PROBLEM STATEMENT ▸ Only the lines from the one with "burger box mockup" to the end of the data, both ends included, should be output, exactly as they stand and without pictures.

Top of STORED DATA

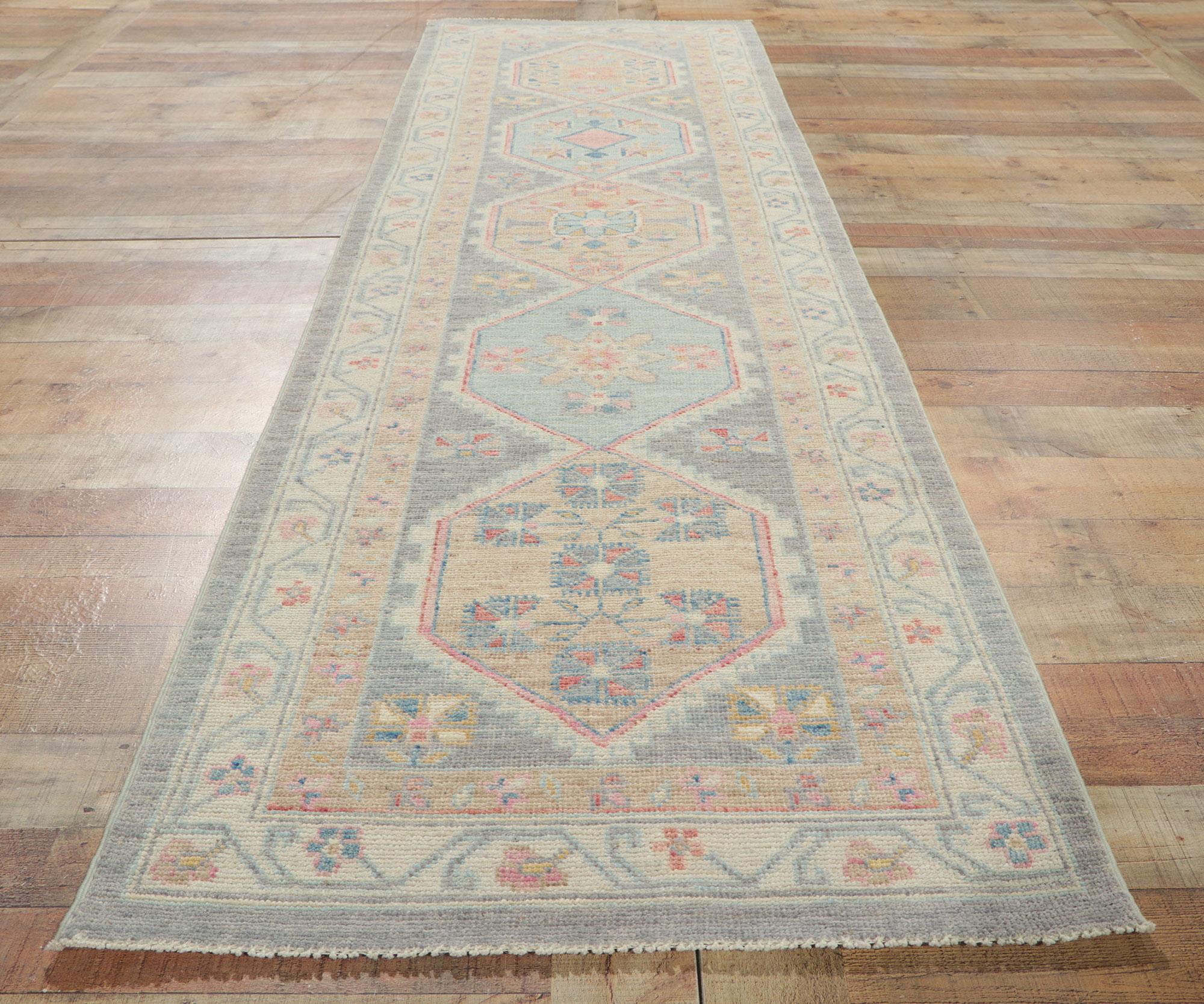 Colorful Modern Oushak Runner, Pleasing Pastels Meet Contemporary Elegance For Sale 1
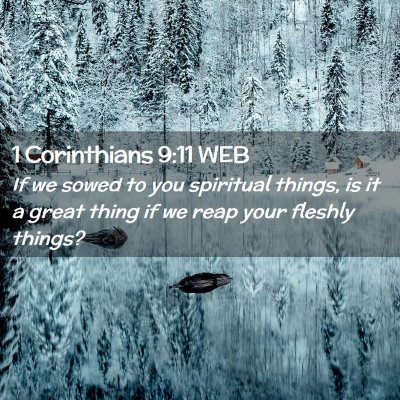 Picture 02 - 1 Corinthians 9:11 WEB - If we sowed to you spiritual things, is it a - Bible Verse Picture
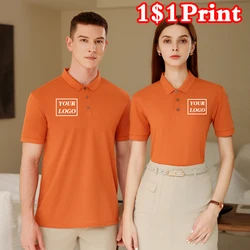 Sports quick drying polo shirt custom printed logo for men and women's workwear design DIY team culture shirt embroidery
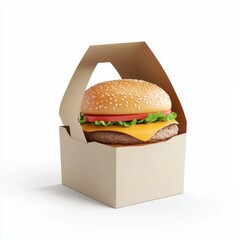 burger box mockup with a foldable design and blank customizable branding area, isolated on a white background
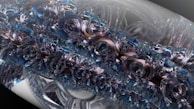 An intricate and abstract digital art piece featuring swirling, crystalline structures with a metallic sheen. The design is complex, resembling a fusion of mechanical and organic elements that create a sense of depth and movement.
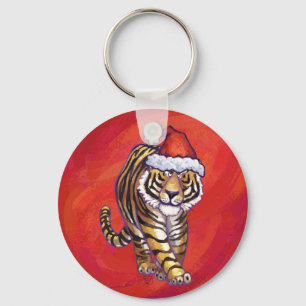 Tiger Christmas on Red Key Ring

Bottom of STORED DATA

TASK RESULT ▸
 burger box mockup with a foldable design and blank customizable branding area, isolated on a white background
 An intricate and abstract digital art piece featuring swirling, crystalline structures with a metallic sheen. The design is complex, resembling a fusion of mechanical and organic elements that create a sense of depth and movement.
 Tiger Christmas on Red Key Ring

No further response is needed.